- Genre: Comedy Drama
- Based on: Broadway Bound by Neil Simon
- Written by: Neil Simon
- Directed by: Paul Bogart
- Starring: Corey Parker Jonathan Silverman Anne Bancroft Jerry Orbach Michele Lee Hume Cronyn
- Theme music composer: David Shire
- Country of origin: United States
- Original language: English

Production
- Executive producers: Emanuel Azenberg Michael Brandman
- Producer: Terence Nelson
- Cinematography: Isidore Mankofsky
- Editor: Andy Zall
- Running time: 89 minutes
- Production company: ABC Productions

Original release
- Network: ABC
- Release: March 23, 1992

= Broadway Bound (film) =

1992 American television film

Broadway Bound is a 1992 American made-for-television comedy film directed by Paul Bogart, written by Neil Simon, and starring Corey Parker and Jonathan Silverman.

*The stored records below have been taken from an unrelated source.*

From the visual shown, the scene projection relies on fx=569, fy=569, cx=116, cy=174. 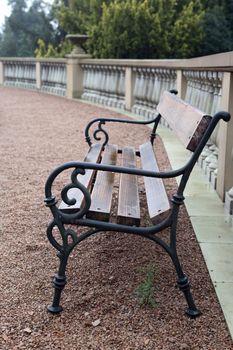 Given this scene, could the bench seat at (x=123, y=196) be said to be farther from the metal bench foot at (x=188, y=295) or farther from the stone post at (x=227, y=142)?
the stone post at (x=227, y=142)

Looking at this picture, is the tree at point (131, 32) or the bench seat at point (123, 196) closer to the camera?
the bench seat at point (123, 196)

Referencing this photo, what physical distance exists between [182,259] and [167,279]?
1.21ft

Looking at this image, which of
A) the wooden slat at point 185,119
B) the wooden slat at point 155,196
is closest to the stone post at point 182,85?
the wooden slat at point 185,119

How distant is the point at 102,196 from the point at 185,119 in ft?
2.43

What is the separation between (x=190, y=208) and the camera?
4.70m

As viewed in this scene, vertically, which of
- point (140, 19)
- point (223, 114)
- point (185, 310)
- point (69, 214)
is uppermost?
point (140, 19)

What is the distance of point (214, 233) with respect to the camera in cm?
409

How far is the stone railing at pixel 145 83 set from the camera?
477cm

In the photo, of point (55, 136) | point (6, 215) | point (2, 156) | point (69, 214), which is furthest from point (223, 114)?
point (55, 136)

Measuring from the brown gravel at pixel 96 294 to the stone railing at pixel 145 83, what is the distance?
3.16ft

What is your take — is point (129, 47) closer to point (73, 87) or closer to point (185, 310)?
point (73, 87)

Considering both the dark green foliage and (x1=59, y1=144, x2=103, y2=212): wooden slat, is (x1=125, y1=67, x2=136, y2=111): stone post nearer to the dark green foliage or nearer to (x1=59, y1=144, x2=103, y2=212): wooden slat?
(x1=59, y1=144, x2=103, y2=212): wooden slat

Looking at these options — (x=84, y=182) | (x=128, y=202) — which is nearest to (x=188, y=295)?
(x=128, y=202)

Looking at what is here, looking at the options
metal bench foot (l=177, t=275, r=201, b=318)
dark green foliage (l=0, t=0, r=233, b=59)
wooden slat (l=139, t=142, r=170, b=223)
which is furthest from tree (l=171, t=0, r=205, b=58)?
metal bench foot (l=177, t=275, r=201, b=318) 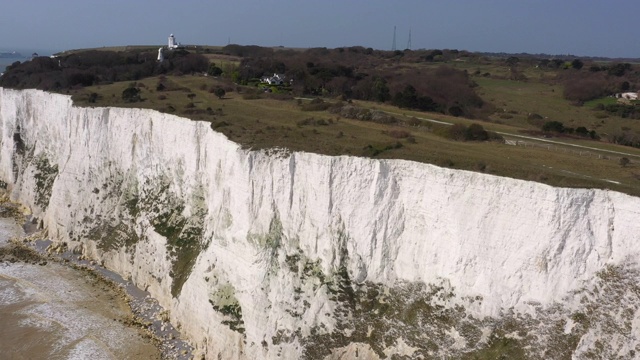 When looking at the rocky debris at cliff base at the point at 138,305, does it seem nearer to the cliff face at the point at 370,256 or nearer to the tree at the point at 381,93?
the cliff face at the point at 370,256

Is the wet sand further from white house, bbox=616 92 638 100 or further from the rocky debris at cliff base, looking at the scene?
white house, bbox=616 92 638 100

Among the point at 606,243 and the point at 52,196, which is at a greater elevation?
the point at 606,243

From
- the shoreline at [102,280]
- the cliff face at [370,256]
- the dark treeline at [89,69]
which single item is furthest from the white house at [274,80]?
the shoreline at [102,280]

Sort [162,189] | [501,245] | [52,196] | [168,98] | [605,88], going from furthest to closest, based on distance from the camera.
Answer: [605,88], [168,98], [52,196], [162,189], [501,245]

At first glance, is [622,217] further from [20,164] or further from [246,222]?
[20,164]

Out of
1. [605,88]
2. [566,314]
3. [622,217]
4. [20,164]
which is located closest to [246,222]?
[566,314]

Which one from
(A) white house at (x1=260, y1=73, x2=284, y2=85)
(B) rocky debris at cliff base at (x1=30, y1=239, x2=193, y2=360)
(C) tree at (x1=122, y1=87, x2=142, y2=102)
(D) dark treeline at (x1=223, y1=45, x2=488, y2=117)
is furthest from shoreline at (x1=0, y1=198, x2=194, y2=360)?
(A) white house at (x1=260, y1=73, x2=284, y2=85) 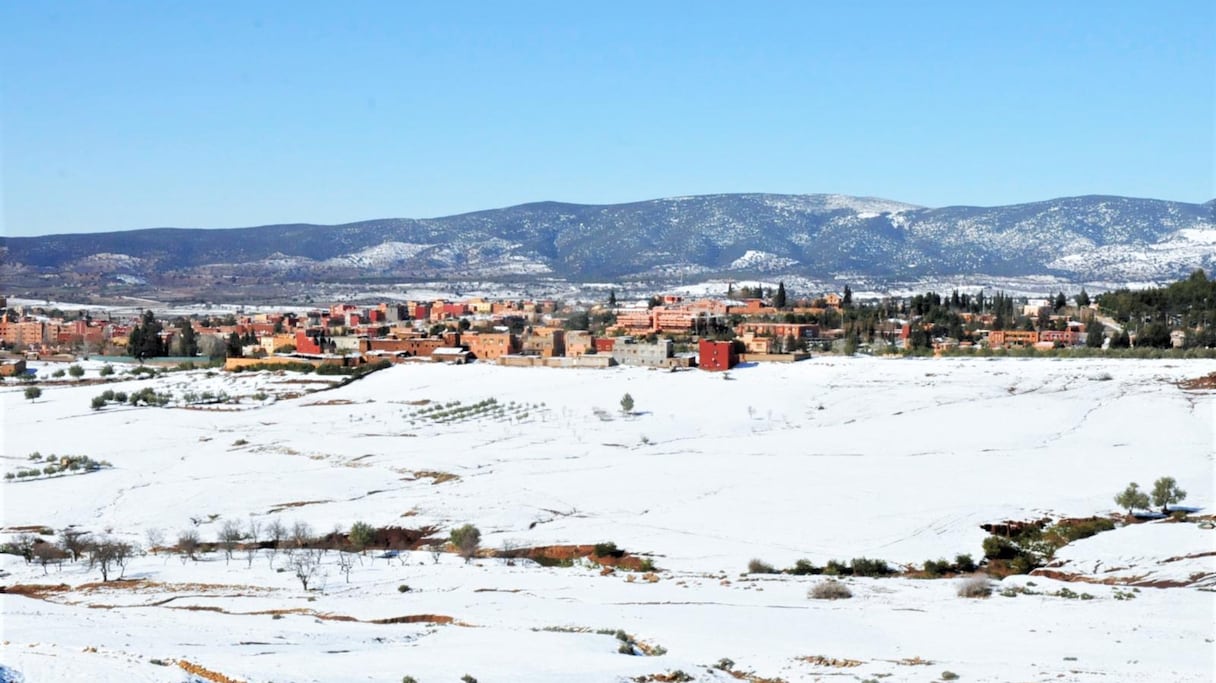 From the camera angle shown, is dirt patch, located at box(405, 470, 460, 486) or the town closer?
dirt patch, located at box(405, 470, 460, 486)

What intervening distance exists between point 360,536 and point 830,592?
41.2 ft

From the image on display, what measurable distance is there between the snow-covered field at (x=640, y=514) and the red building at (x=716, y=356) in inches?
95.8

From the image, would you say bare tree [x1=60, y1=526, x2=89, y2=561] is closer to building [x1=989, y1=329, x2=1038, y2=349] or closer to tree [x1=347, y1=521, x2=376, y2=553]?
tree [x1=347, y1=521, x2=376, y2=553]

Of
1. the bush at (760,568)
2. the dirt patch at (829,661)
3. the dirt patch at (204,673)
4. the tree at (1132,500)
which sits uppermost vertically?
the dirt patch at (204,673)

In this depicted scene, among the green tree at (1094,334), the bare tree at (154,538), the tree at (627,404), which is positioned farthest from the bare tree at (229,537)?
the green tree at (1094,334)

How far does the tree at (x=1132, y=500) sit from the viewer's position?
32750mm

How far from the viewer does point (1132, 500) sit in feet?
107

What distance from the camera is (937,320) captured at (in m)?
93.6

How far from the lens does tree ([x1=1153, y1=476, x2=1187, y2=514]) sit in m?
33.0

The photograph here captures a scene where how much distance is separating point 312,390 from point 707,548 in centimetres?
4155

Simon adapted his semi-autobiographical 1986 play Broadway Bound, the third chapter in what is known as the Eugene trilogy, the first being Brighton Beach Memoirs and the second being Biloxi Blues. Silverman, who played Eugene Jerome in the original stage version of Broadway Bound and in the film adaptation of Brighton Beach Memoirs, plays Eugene's older brother Stanley in the film. Parker played Pvt. Arnold Epstein in the film adaptation of Biloxi Blues. In a 1992 interview, Simon explained that Broadway Bound was not adapted as a theatrical film like the previous two works in the trilogy for the reason that it "was too expensive for the big screen, because it required extensive outdoor period sets of New York City."

==Synopsis==
The film is about Eugene and his older brother, Stanley, dealing with their parents' relationship falling apart as the brothers work together toward being comedy writers for the radio, and, eventually, television.

==Cast==
- Corey Parker as Eugene Morris Jerome
- Jonathan Silverman as Stanley Jerome
- Anne Bancroft as Kate Jerome
- Hume Cronyn as Ben
- Jerry Orbach as Jack Jerome
- Michele Lee as Blanche

==Reception==
Cronyn won a 1992 Primetime Emmy Award for Outstanding Supporting Actor in a Mini-series Special for his role in the film.